The bus descended again, skirting steep drop-offs, to the green water of the river, which boiled over rocks and ledges, and followed it through the gorge, past occasional mud-walled houses and herds of black goats. The gorge opened out into two lakes, one blue and one green, then opened a third time into the plain of Jalalabad, green with fields and palm trees. We passed two-wheeled horse carts crammed with people, then a string of seven camels led by a man in a turban and bright red socks, and then we were in Jalalabad itself.
Villas with walled gardens and orange trees lined the road on both sides. Men walked by stooped under big bundles of cut sugar cane. The air was warmer than it had been in Kabul, the people were more shabbily dressed, and there were more beggars.
Twenty minutes later, the bus left Jalalabad. Soon, we reached the Pakistani border at Torqam. Signs warned people to drive on the left after they crossed the border. Trucks were parked all along the road. Their drivers were in a string of outdoor teahouses, sitting on low couches made of braided twine cords cris-crossed over thick, tree-limb frames.
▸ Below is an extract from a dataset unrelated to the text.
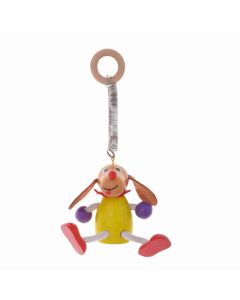 Mehta Toys Car Hanging Doll Wood 2 Pcs Set Multicolour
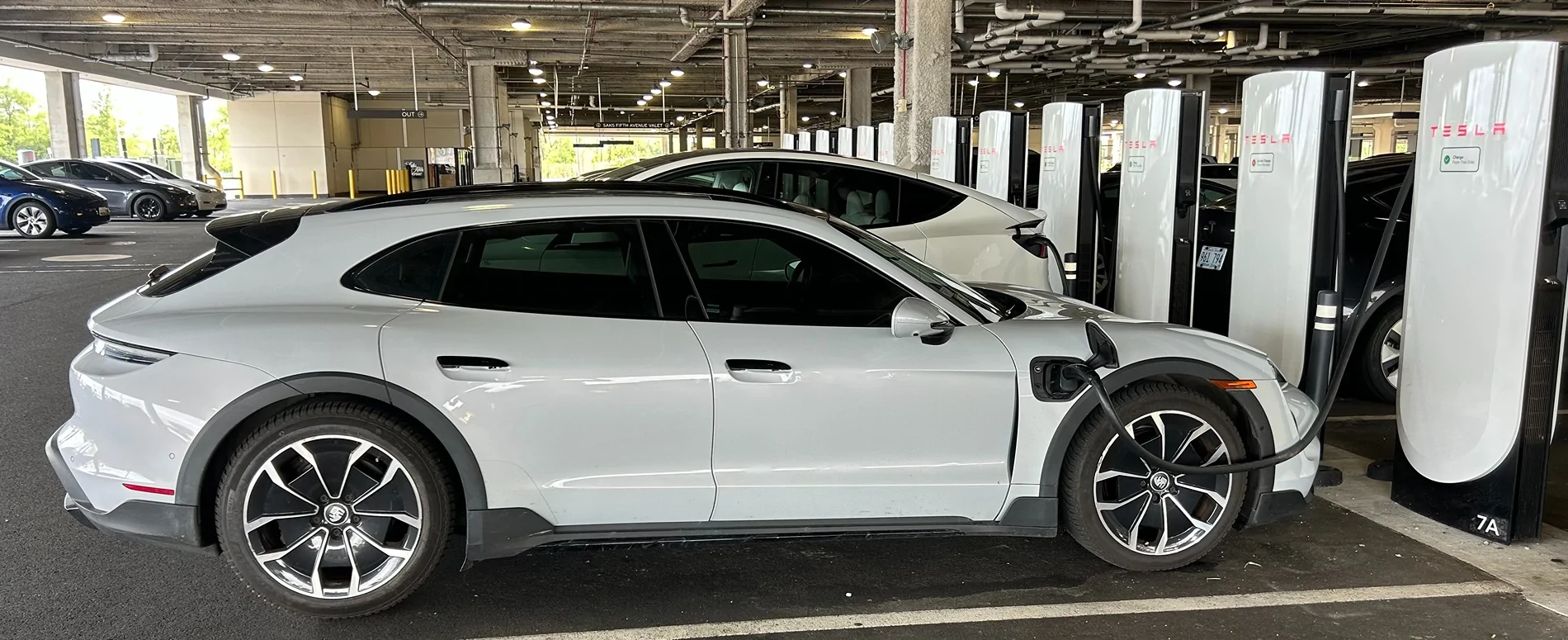 Porsche Taycan VW Group EVs to Get Tesla Supercharger Access September 9, 2025 IMG_1016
The bus stopped, and we went into a high, bare, crowded, dimly-lit room to have our passports checked. While we were waiting, a tough-looking, erect, turbaned tribesman with a rifle slung on his shoulder entered, followed single-file by five men who were dressed as he was but who carried no rifles and didn't look as tough. The five followers looked as if they were holding hands as they snaked through the crowd. Then I saw that the first two pairs of them were shackled together. A Pakistani man beside me explained that the five were Pashtun tribesmen from Afghanistan who had crossed the border illegally and were being sent back. The mountains in which they lived became cold and snowy in the winter, he said, and these men hadn't had enough shelter for themselves or food for their animals, so they had gone to their ancestral winter pasture lands on the plains of Pakistan. The Pakistani said that tribesmen often crossed the border illegally and were sent back like this.
The image has stayed with me. Whenever I read about the porous Afghan-Pakistani border, that largely meaningless line through mountains that shelter rebels of all kinds, that procession of captive tribesmen is what I see. And whenever I think of New Years past, I remember sitting on that balcony in Kabul.